◆ **Exercise aim**
Without including any picture, return the complete set of records exactly.

[Collected data entries]
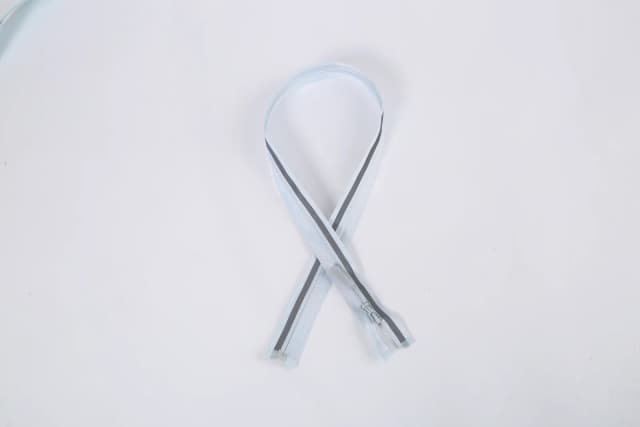 Sky Blue Reflective Nylon Open-End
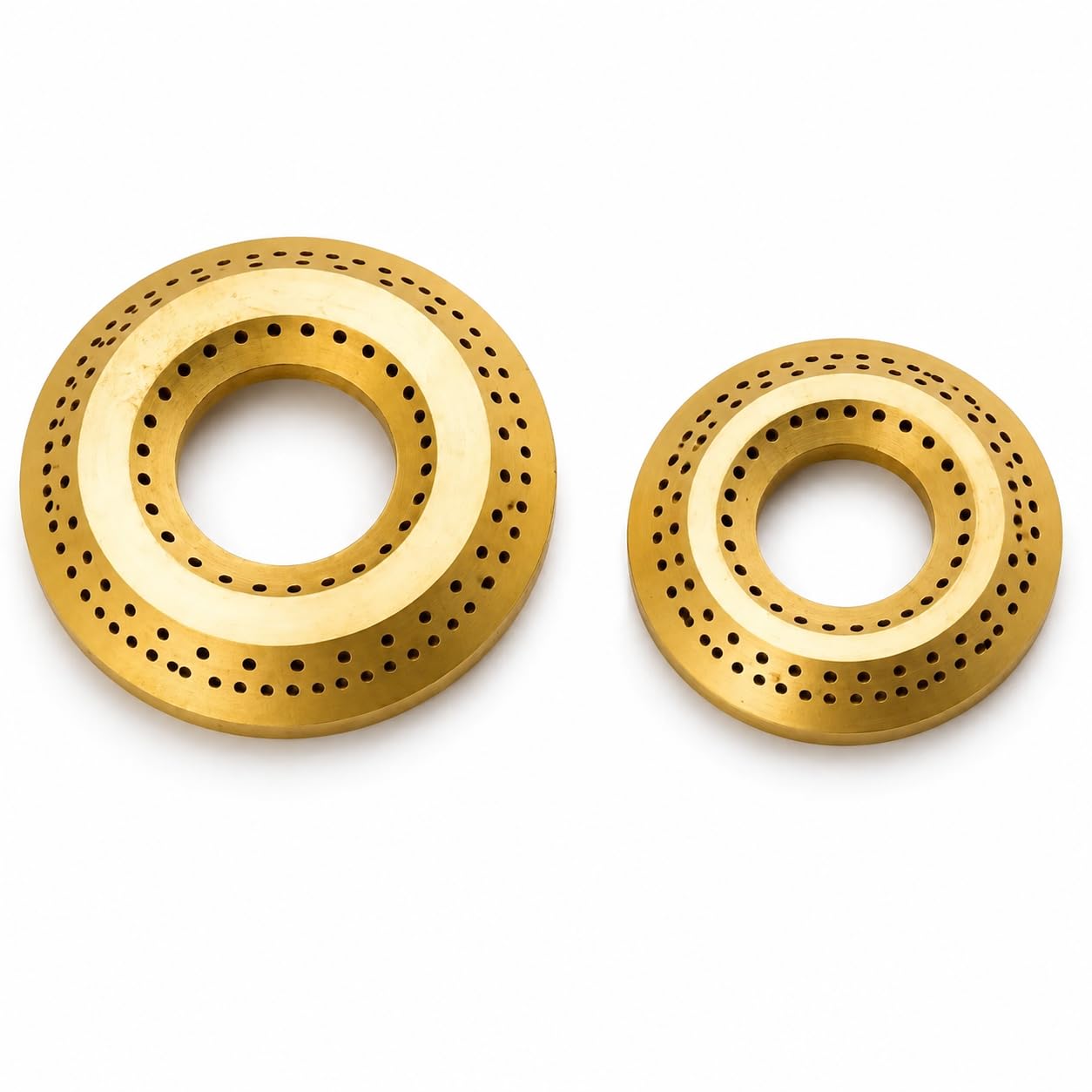 Brass Gas Stove Burner Set of 2 (1 Small 68mm + 1 Medium 78mm) | Heavy Duty Brass Burner Replacement for LPG Gas Stove | High Flame, Rust Resistant & Durable Kitchen Burner-image-17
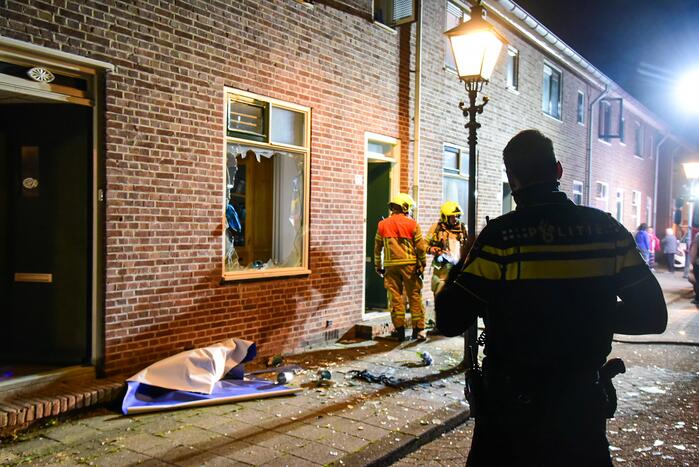 Persoon gewond door explosie in woning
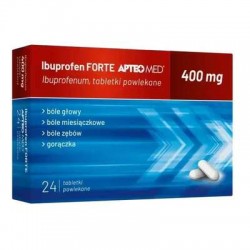 Ibuprofen APTEO MED tabl.powl. 0,4g 24tabl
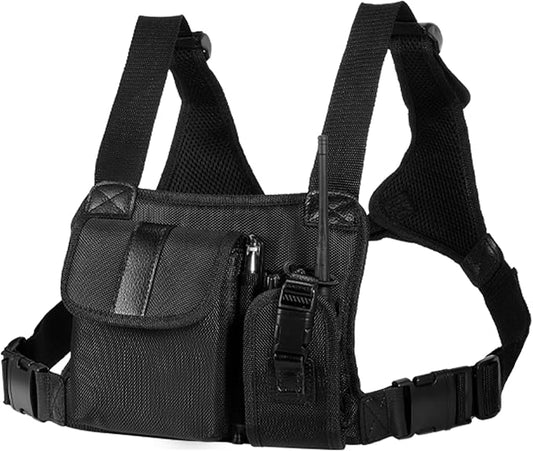 abcGoodefg Radio Chest Harness Chest Front Pack Pouch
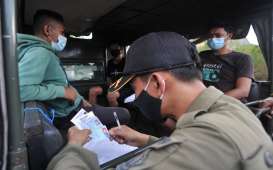 6.925 Orang Melakukan Rapid Test di Pos Penyekatan Arus Balik Bali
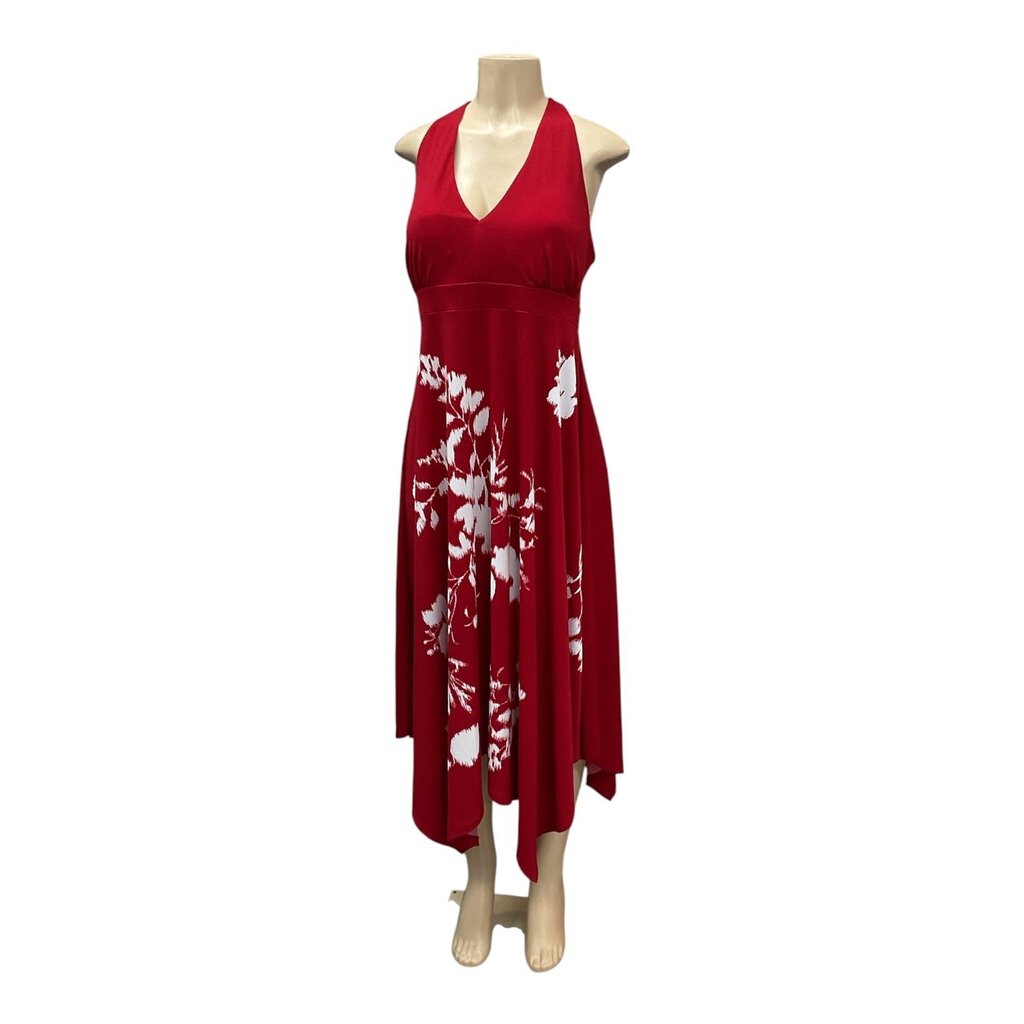 INC (14) Red and White Sleeveless Dress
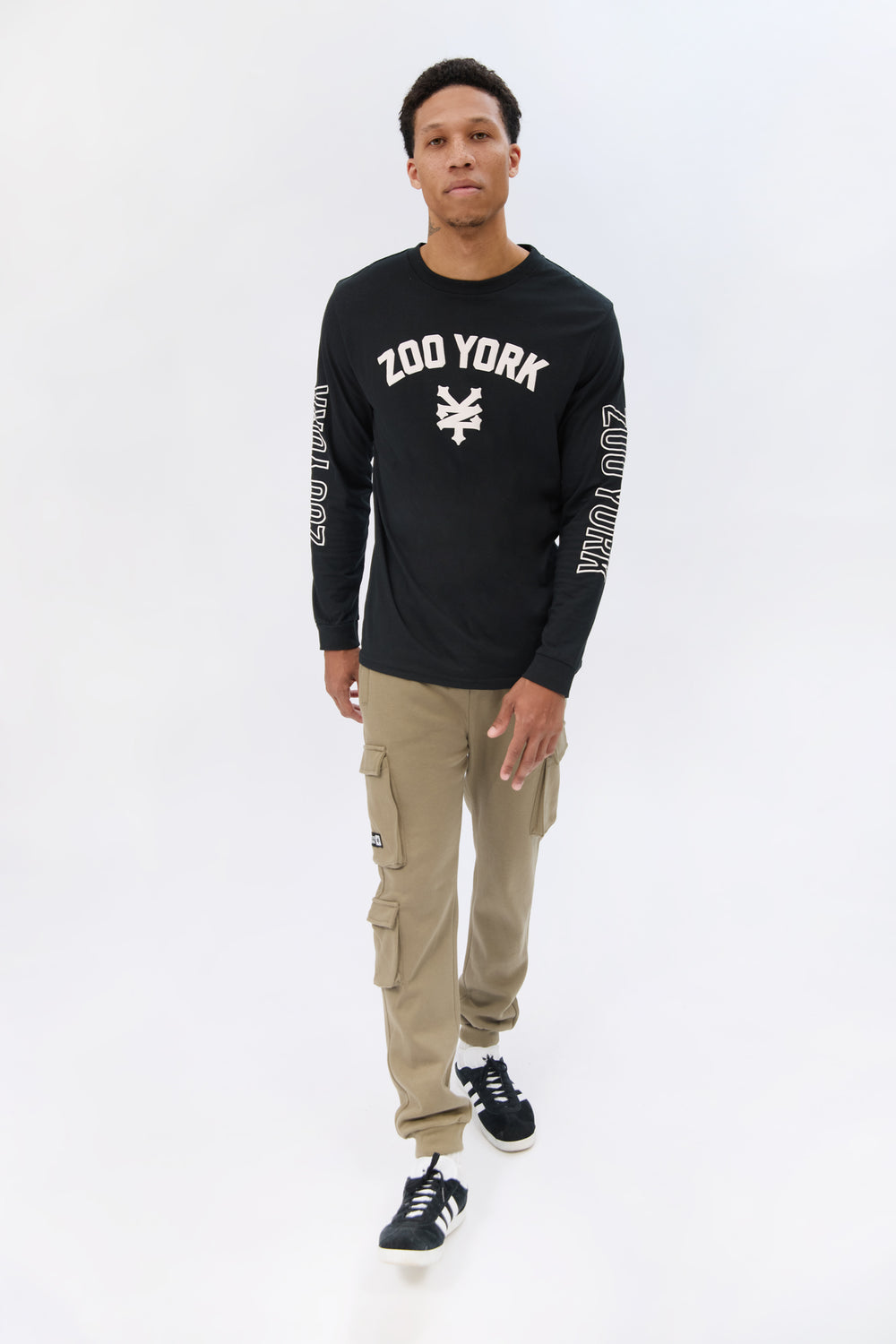 Zoo York Mens Puff Logo Long Sleeve Zoo York Mens Puff Logo Long Sleeve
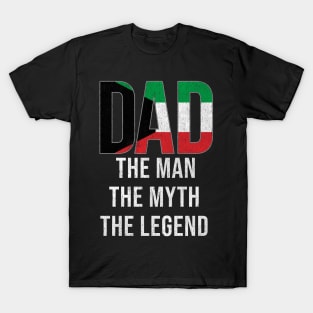 Kuwaiti Dad The Man The Myth The Legend - Gift for Kuwaiti Dad With Roots From Kuwaiti T-Shirt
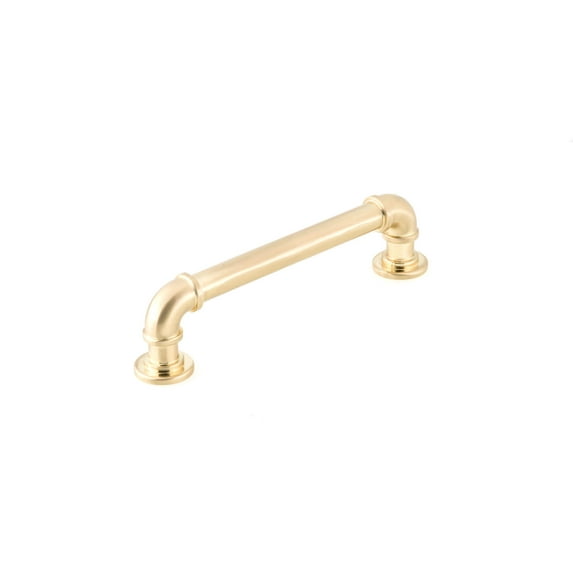 Richelieu Bp2209128 5-1/16" Center To Center Handle Cabinet Pull - Brass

◆ **Expected answer**
 Sky Blue Reflective Nylon Open-End
 Brass Gas Stove Burner Set of 2 (1 Small 68mm + 1 Medium 78mm) | Heavy Duty Brass Burner Replacement for LPG Gas Stove | High Flame, Rust Resistant & Durable Kitchen Burner-image-17
 Persoon gewond door explosie in woning
 Ibuprofen APTEO MED tabl.powl. 0,4g 24tabl
 abcGoodefg Radio Chest Harness Chest Front Pack Pouch
 6.925 Orang Melakukan Rapid Test di Pos Penyekatan Arus Balik Bali
 INC (14) Red and White Sleeveless Dress
 Zoo York Mens Puff Logo Long Sleeve Zoo York Mens Puff Logo Long Sleeve
 Kuwaiti Dad The Man The Myth The Legend - Gift for Kuwaiti Dad With Roots From Kuwaiti T-Shirt
 Richelieu Bp2209128 5-1/16" Center To Center Handle Cabinet Pull - Brass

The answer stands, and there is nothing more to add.